Premier roman de Gabriel Tallent.
Julia/Turtle/Croquette grandit seule avec son père, Martin, obsédé par la fin du monde. L’homme est brutal et abusif envers sa fille : il l’aime trop et il l’aime mal. « Il existe des parts d’elle qui demeurent sans nom, sans identification, puis il leur donne un nom, et elle se perçoit alors clairement à travers ses mots, et elle se déteste. » (p. 21) Depuis l’enfance, la gamine a appris à manier les armes blanches et les armes à feu et elle sait survivre seule dans la nature. Le père et la fille vivent isolés et, à l’image de Martin, Turtle se méfie de tout ce qui vient de l’extérieur et refuse toute aide. « Je n’arrive pas à croire qu’il t’élève comme ça. / Il m’aime, dit Turtle. […] Il m’aime beaucoup, insiste Turtle. » (p. 95) Mais sa rencontre avec Brett et Jacob, deux garçons de son âge, drôles et heureux, fait naître en elle le furieux désir et l’impérieux besoin de se libérer du joug paternel. Mais avant de se sauver elle-même, elle devra en sauver bien d’autres de la fureur de Martin.

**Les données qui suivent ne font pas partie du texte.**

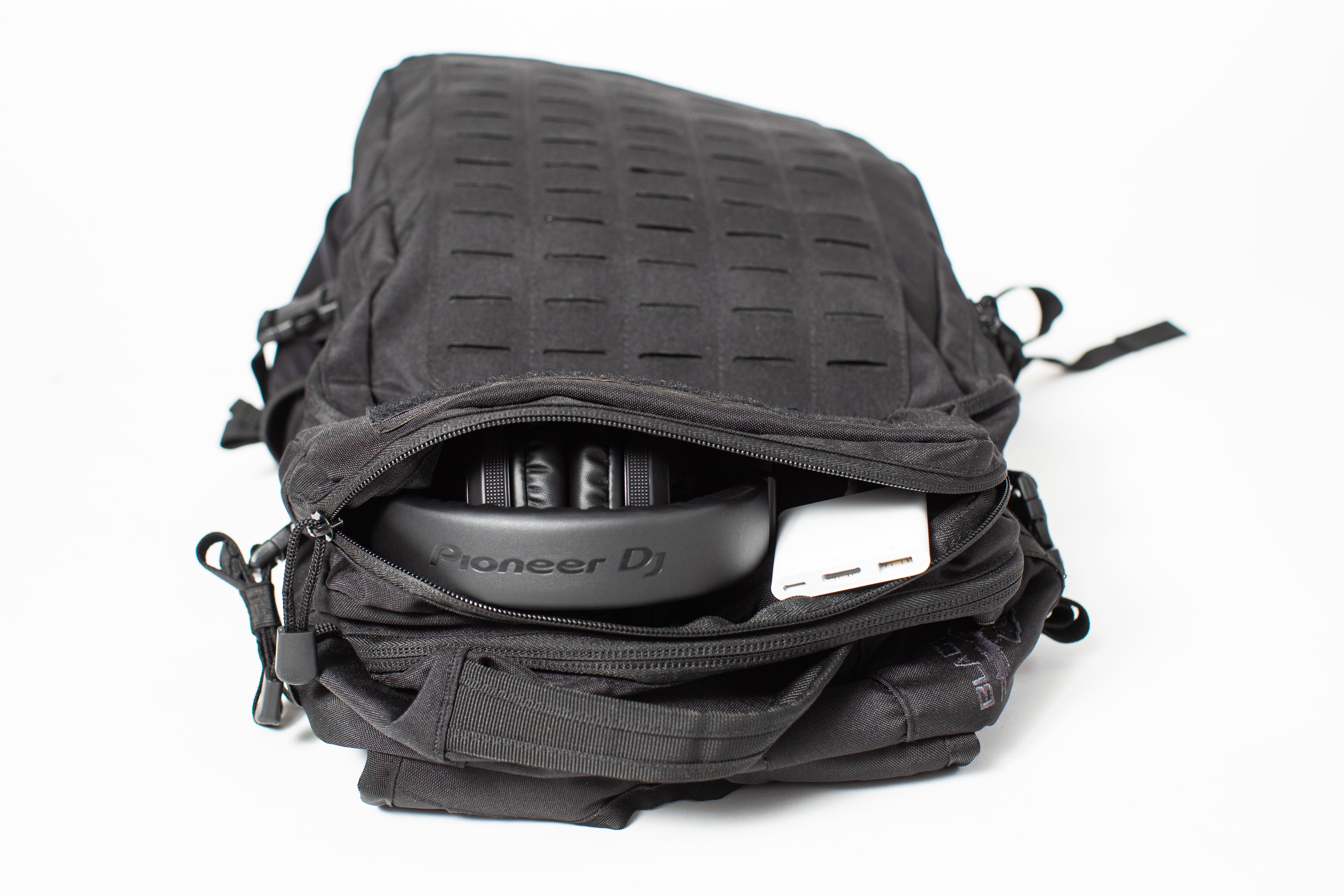 SMASH OPS 150 Bat Pack Black/Charcoal – OA Apparel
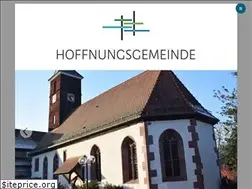 Sites similar to huchenfeld-evangelisch.de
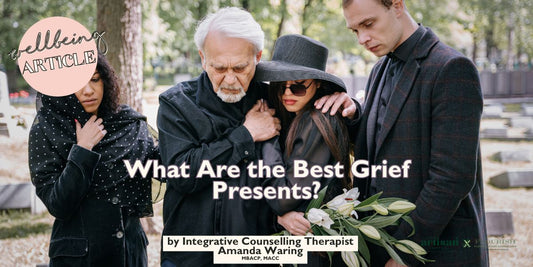 What Are the Best Grief Presents? A Guide to Choosing Thoughtful Sympathy Gifts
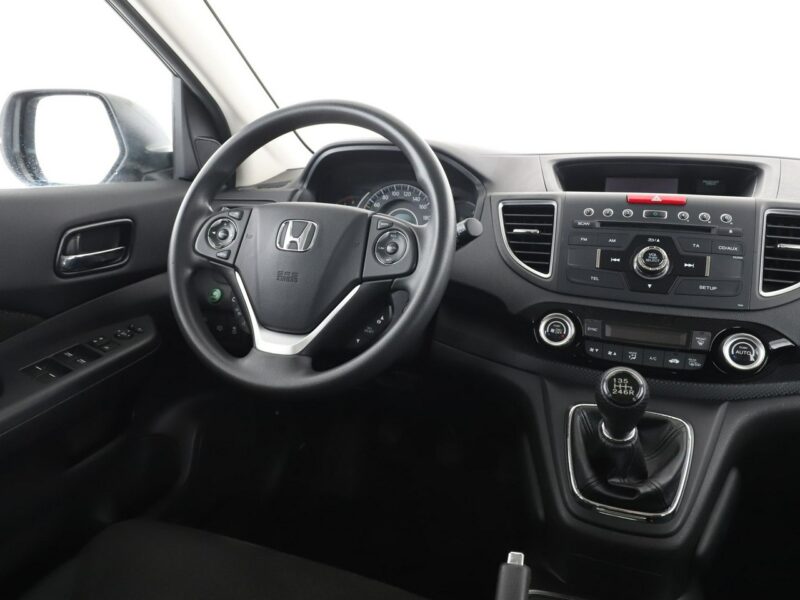 Honda CR-V LIFT 1.6 DTEC Comfort Klimatyzacja Tempomat Elektryka Grzane Fotele IV (2012-2018)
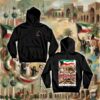 711-hoodie-black Free Kuwait- جهتين
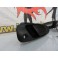 Kit puxadores de porta para Honda civic 92-95 4 portas (EG, EH) 1992-1995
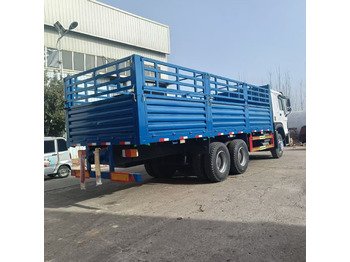 Kravas automašīna SINOTRUK HOWO: foto 5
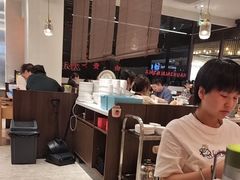 -虾吃虾涮.虾火锅.肉蟹煲(步步高梅溪新天地店)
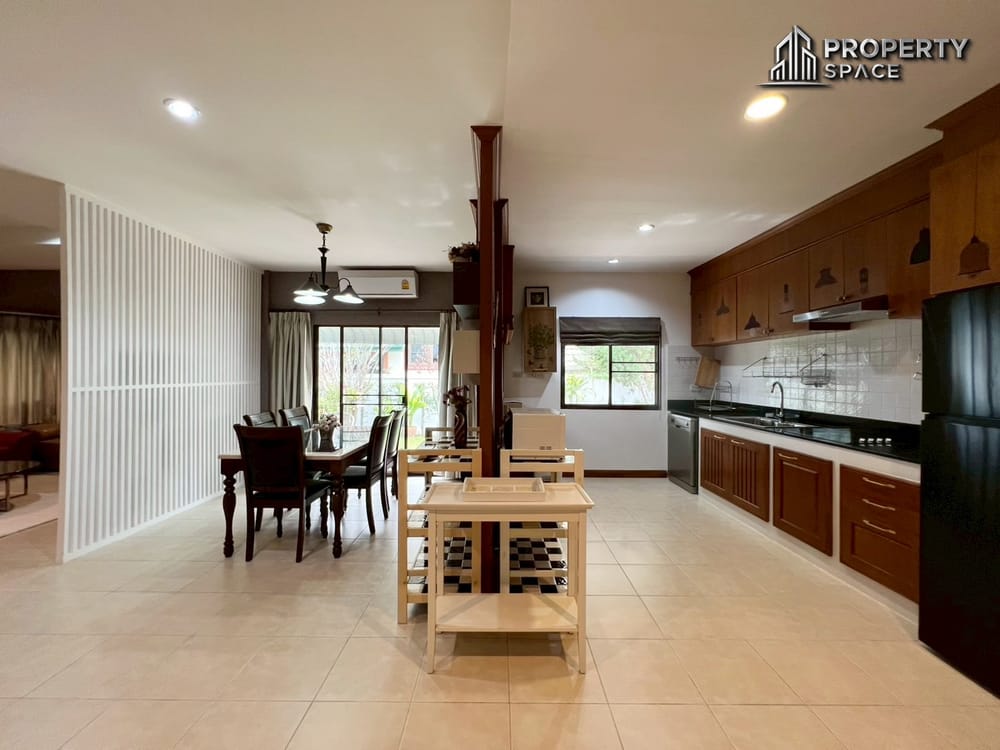 3 Bedroom House Pet Friendly In Soi Siam Country Club East Pattaya For Sale And Rent   Image 12
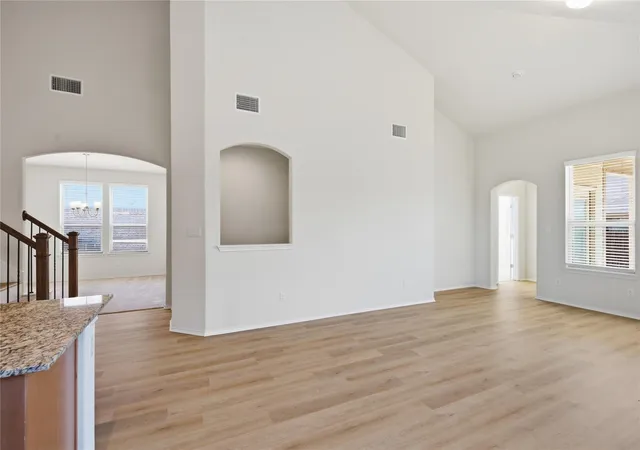 Photo 2 of Single family home for sale at 106 Barley Frk Ln, Hutto, TX 78634 | MLS# 9023876 | Listing updated on 2026-08-30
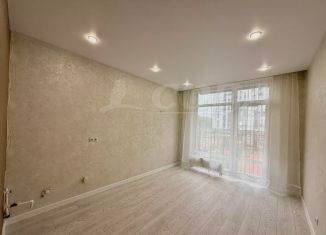 Продается квартира студия, 24 м2, Тюмень, улица Первооткрывателей, 9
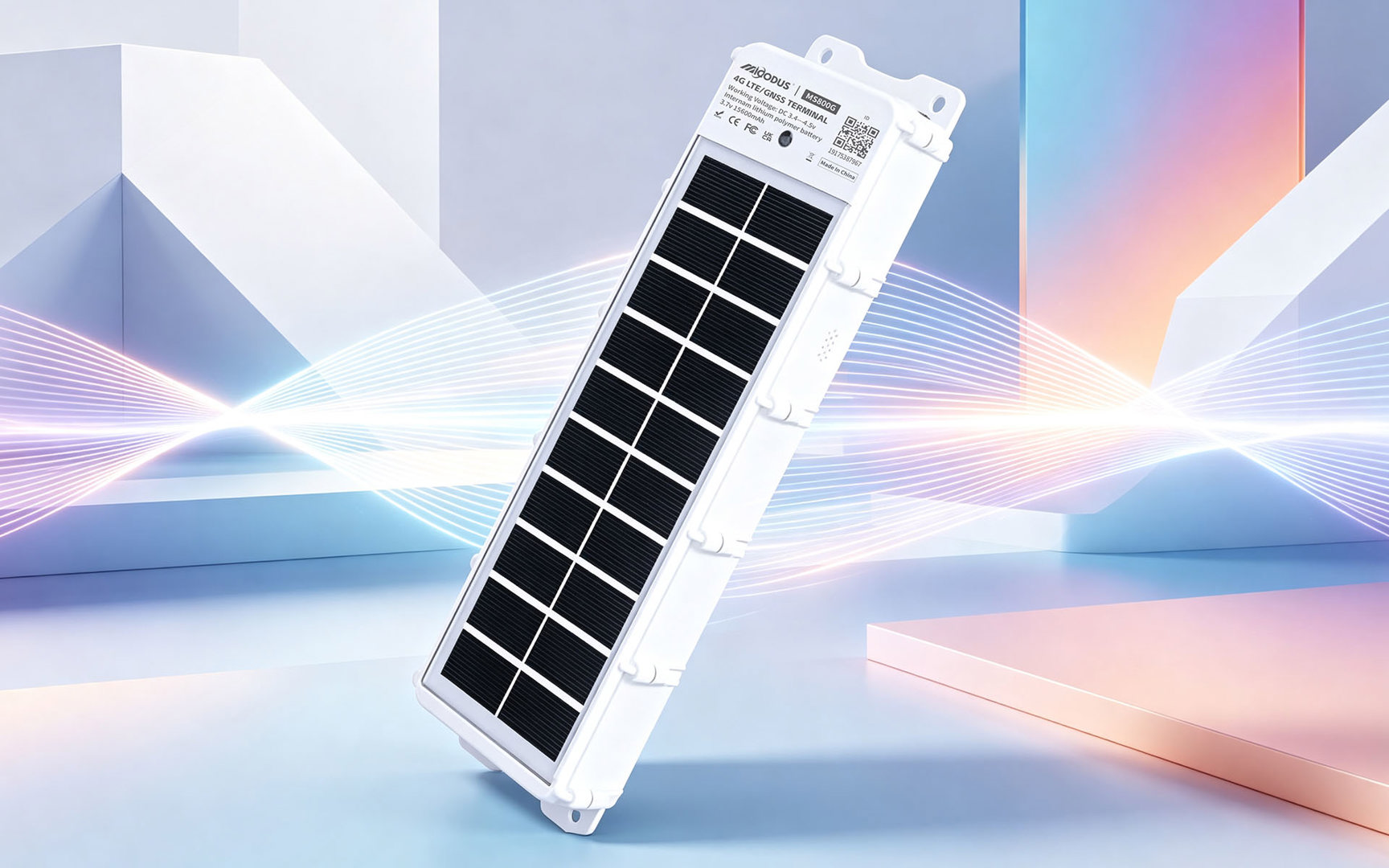 MiCODUS MS800G: Redefining the New Standard for Global Mobile Asset Intelligent Management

My Absolute Darling présente l’éclosion d’une femme forte poussée par la volonté de vivre. Les sentiments ambivalents et paradoxaux de Turtle envers son père sont complexes et le combat qui se joue dans le cœur de la jeune fille maltraité est parfaitement dépeint. « Il ne veut pas me faire de mal. Il m’aime plus que la vie elle-même. Il n’est pas toujours parfait. Parfois, il n’est pas vraiment l’homme qu’il voudrait être. Mais il m’aime comme personne n’a jamais été aimé. Je pense que ça compte plus que tout. » (p. 210) Ce roman a toute sa place dans le catalogue des éditions Gallmeister, à l’instar de l’œuvre de David Vann avec laquelle il partage de nombreux sujets : la beauté hostile de la nature (normal puisque la maison d’édition est spécialisée dans les expressions littéraires du nature writing), la famille dysfonctionnelle, le corps maltraité ou encore la lutte pour la survie. À deux reprises, le roman cite Délivrance de James Dickey (récemment réédité chez Gallmeister, décidément…) et là encore, des ressemblances sont évidentes, notamment la transformation du protagoniste qui, pour survivre, va au bout de lui-même et de l’horreur.
Stephen King a été dithyrambique au sujet de ce roman et je partage pleinement son enthousiasme. My Absolute Darling est un chef-d’œuvre qui révèle le talent prodigieux de son auteur et j’espère vraiment qu’il ne mettra pas encore 8 ans à produire un nouveau roman.